TASK DESCRIPTION:
Among the entries below, only the lines from the one with "OBOREN MOTOCIKLISTA U" through the one with "Building Photo - 1431 Eastview Dr" are wanted, reproduced exactly. Pictures are not wanted.

INPUT:
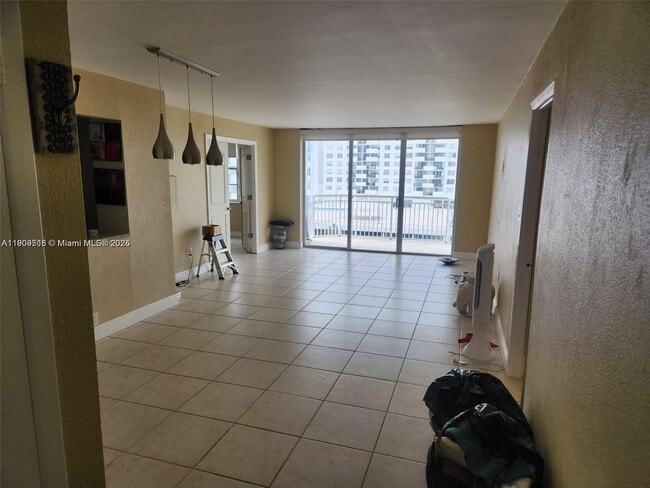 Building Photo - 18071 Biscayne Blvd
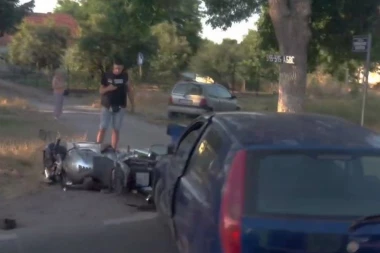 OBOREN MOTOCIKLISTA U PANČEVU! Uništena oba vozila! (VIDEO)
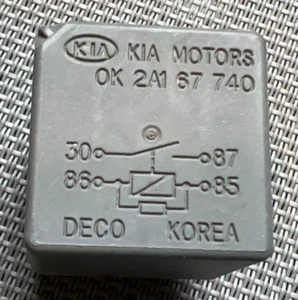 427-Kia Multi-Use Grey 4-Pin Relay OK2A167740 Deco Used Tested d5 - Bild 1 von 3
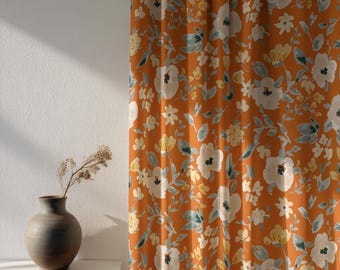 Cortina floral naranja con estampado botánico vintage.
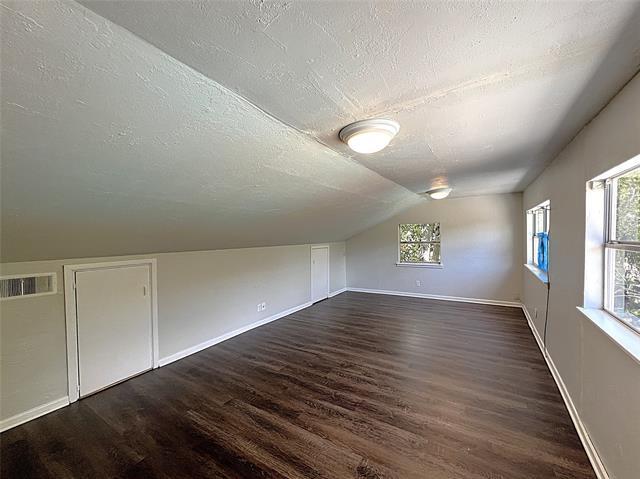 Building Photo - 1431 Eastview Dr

--

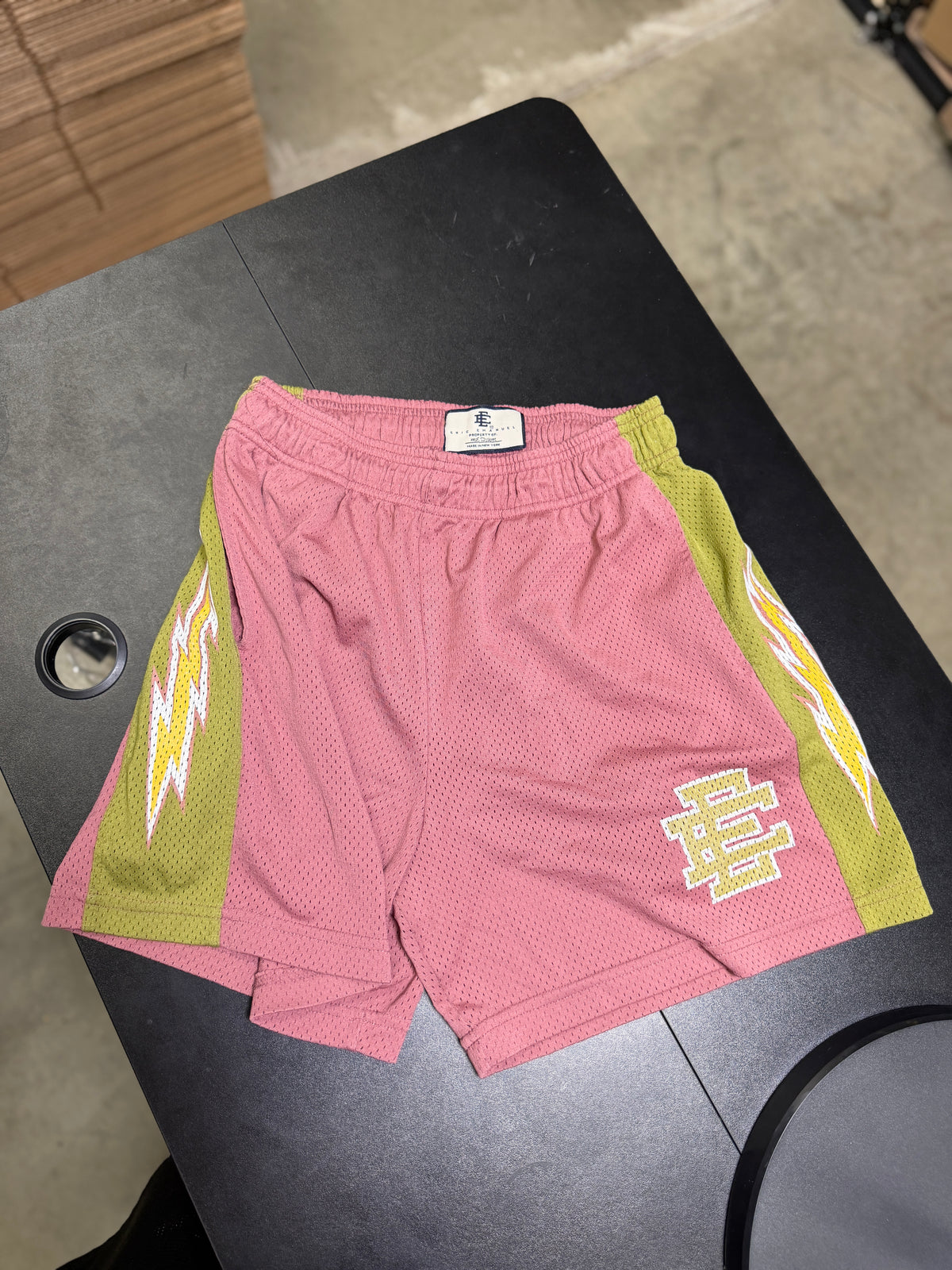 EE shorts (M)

SOLUTION:
 OBOREN MOTOCIKLISTA U PANČEVU! Uništena oba vozila! (VIDEO)
 427-Kia Multi-Use Grey 4-Pin Relay OK2A167740 Deco Used Tested d5 - Bild 1 von 3
 Cortina floral naranja con estampado botánico vintage.
 Building Photo - 1431 Eastview Dr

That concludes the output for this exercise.